Mumbai: Since late last year, many telcos around the world are offering eSIM options to their subscribers along with physical SIM. However, this new eSIM (embedded SIM) technology is currently supported by some of the high-end smartphone models. That includes Apple (iPhone 13 Pro Max, iPhone 13 Pro, iPhone 13, and iPhone 13 mini), Samsung (Galaxy S20, S21, Fold and Z Flip), Google (latest Pixel models) and Huawei (P40 and Mate 40 Pro).
For Apple, however, the new eSIM technology has sort of becoming a contentious issue after rumoured that Apple plans for eSIM only iPhone.
As there’s growing speculation in the media that Apple will go all out for eSIM only iPhone during the upcoming launch in September this year iPhone ditching the traditional or physical SIM.
One analyst has tried to dissect Apple’s approach and truth from those rumours keeping in view the large perspective of the telcos.
According to GlobalData’s Technology Service Director, Emma Mohr-McClune, an eSIM-only iPhone was always a question of ‘when’, not ‘if’—but, so far, there has been insufficient consideration as to ‘how’.
“We don’t believe that Apple will take the ‘big bang’ approach—getting rid of existing systems and transferring all users to eSIMs,” said Emma.
“But rather launch an eSIM-only variant of its upcoming new model—retaining the dual eSIM-plus-physical SIM slot model for the mass market and its key carrier channel,” added Emma.
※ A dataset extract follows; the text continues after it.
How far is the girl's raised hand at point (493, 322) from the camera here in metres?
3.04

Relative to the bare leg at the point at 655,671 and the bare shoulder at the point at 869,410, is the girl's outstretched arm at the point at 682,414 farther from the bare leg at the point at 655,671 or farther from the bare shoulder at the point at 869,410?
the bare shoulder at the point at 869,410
From the telcos perspective, Emma even pointed out the options that telecom companies will have on their table. “We believe telecom companies will be given the choice of whether to stock and sell a new eSIM-only iPhone variation alongside more cellular business-friendly dual eSIM/physical SIM support models,” opined Emma.
Interestingly, Emma shared a possible scenario that Apple is likely looking at. “We think it’s likely that the primary focus of this theoretical eSIM-only iPhone will be the Apple channel,” she observed.
“Apple will provide this model with ‘wireless data connectivity inside’ together with one or more connectivity partners—much in the same way it positions 4G and 5G connectivity for the iPad today,” explained Emma.
She also pointed out that Apple may come up with a VAS ( value-added service).”Apple may also consider a VAS digital service shakeup, aligning Apple-sourced connectivity with certain Apple-branded digital services for a more attractive overall proposition.”
However, Emma has some words of caution for telcos against such eventuality and elaborated on how they can prepare for it. “Telcos need to prepare carefully for such an eventuality,” she said.
“Boosting their own internal eSIM support tools, general marketing and support readiness, as well as improving their own eSIM onboarding and anticipating aggressor eSIM-support ‘test pilot’ promotion,” explained Emma.
Emma cited T-Mobile and Verizon’s Visible in the US as examples of how some telcos are addressing and dealing with eSIM technology.